§ MATERIAL PROVIDED
================

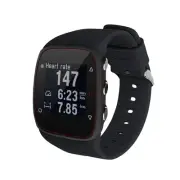 Kwmobile Strap Compatible With Polar M400 / M430 Strap - Replacement S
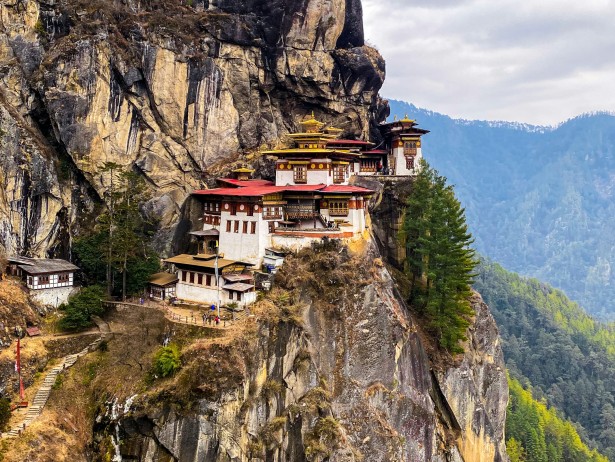 Bhutan: The Shangri-La Tour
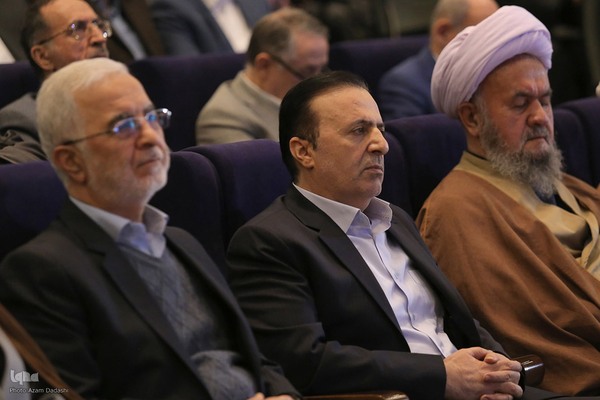 تکریم و معارفه استاندار قزوین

================

§ WHAT TO PRODUCE
Each line above is to be copied verbatim. Drop any image from the copy.

§ RESULT
 Kwmobile Strap Compatible With Polar M400 / M430 Strap - Replacement S
 Bhutan: The Shangri-La Tour
 تکریم و معارفه استاندار قزوین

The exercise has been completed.